As shown in Table 2, AMPK activity was positively correlated with the relative expression of MyHC I, MyHC IIa and MyHC IIx, and negatively correlated with the relative expression of MyHC IIb; LDH activity was positively correlated with the relative expression of MyHC I, MyHC IIb and MyHC IIx, and significantly negatively correlated with the relative expression of MyHC IIa (P < 0.05); SDH and MDH activity were positively correlated with the relative expression of MyHC I and MyHC IIa, and negatively correlated with the relative expression of MyHC IIb. PGC-1α, MEF2C and GLUT all have positive regulatory effects on MyHC I and MyHC IIa muscle fibers, and negative regulatory effects on MyHC IIb and MyHC IIx muscle fibers.
Conclusion
The growth performance of rats supplemented with CMH and CLA in the diet was measured and analyzed. The results showed that the addition of CMH and CLA to the diet had no significant effect on the growth rate of rats, but could significantly reduce the daily intake of rats, which indicates that CMH and CLA have a positive effect on improving feed conversion rate. The results of this study showed that the addition of CMH to the diet upregulated the relative expression of MyHC I, IIa, and IIb mRNA in the gastrocnemius muscle of rats, while the activity of oxidase (SDH, MDH) and AMPK activity and the relative expression of PGC-1α, MEF2C, and GLUT4 mRNA in the muscle increased, but reduced the relative expression of MyHC IIx mRNA and the activity of glycolytic enzyme (LDH). The addition of CLA to the diet increased the proportion of oxidative muscle fibers in the gastrocnemius of rats, and at the same time increased the activity of MDH, SDH, AMPK and the expression of PGC-1α and GLUT4 mRNA genes, but reduced the proportion of glycolytic muscle fibers and LDH activity. This shows that the addition of CMH and CLA to the diet can increase AMPK activity, upregulate the expression of genes related to the AMPK pathway, enhance muscle oxidative metabolism, and transform muscle fiber types. Therefore, in the future, the livestock breeding process can regulate the transformation of muscle fiber types by feeding CMH and CLA and activating the AMPK signaling pathway, thereby improving the quality of livestock meat.

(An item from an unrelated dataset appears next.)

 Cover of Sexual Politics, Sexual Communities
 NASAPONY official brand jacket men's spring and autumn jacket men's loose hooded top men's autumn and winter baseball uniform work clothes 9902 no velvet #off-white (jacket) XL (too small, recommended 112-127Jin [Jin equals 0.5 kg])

This article "Effects and Mechanisms of Creatine Monohydrate and Conjugated Linoleic Acid on Rat Muscle Fiber-Related Genes and Enzyme Activities" comes from "Food Science" Volume 42, Issue 7, 2021, Pages 149-155, Author: Su Lin, Li Huijiao, Hou Yanru, Zhao Yajuan, Bai Yanping, Sun Bing, Zhao Lihua, Jin Ye. DOI:10.7506/spkx1002-6630-20200915-183. Click the original text below to view the relevant information of the article.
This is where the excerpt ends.